The U.S. corporate bond market has ballooned to more than $1.5 trillion worth of issues last year, from $666 billion in 2002, according to the Securities Industry and Financial Markets Association, as companies took advantage of record low interest rates to raise money.

The fees banks have generated for advising and underwriting new corporate bonds have swollen to more than $16.4 billion last year, from $7.6 billion in 2002, according to Thomson Reuters data.

Fideres said banks may be torn between trying to please the companies issuing the bonds and the investors buying the bonds. When the price of a corporate bond jumps in value after hitting the market, the bondholders score quick and easy profits.

Many big bond investors are among the banks’ largest and most valued clients, whereas most companies who issue bonds do so infrequently though they pay lucrative advisory fees.

Fideres’ past research projects have been used in class action suits against banks. The firm’s mining of market data have helped plaintiffs score over $30 billion in settlements against banks over the alleged rigging of markets in foreign exchange, credit default swaps, precious metals, and other key financial benchmarks.

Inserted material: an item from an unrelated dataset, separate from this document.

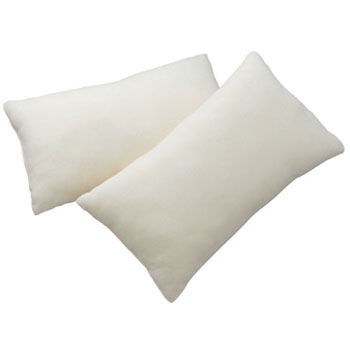 PC-WR-M1 �A���t�@�v�� �E�F���s�[(���M�����[) �^�C�J 20503832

One of the bonds that Fideres studied was an $800 million issue from Netflix Inc in February 2015. Netflix’s advisers, JP Morgan Chase, Goldman Sachs and Morgan Stanley, set a near 6 percent yield on the bonds. When the bonds hit the market, their price jumped around 2.5 percent within three days. Such a big gain indicated that Netflix could have raised the same capital at a lower interest rate, Fideres said.

Spokespersons for JP Morgan, Goldman Sachs and Netflix declined to comment.

There are no known regulatory or other agency investigations into the pricing of corporate bonds, though U.S. banks have come under scrutiny for other debt market practices.

In February 2014, the U.S. Securities Exchange Commission opened an investigation into how Goldman Sachs and Citigroup allocated corporate bonds to investors. The ongoing investigation is focused on whether the banks favored certain large investors over other smaller ones. Goldman Sachs and Citigroup declined to comment on the investigation.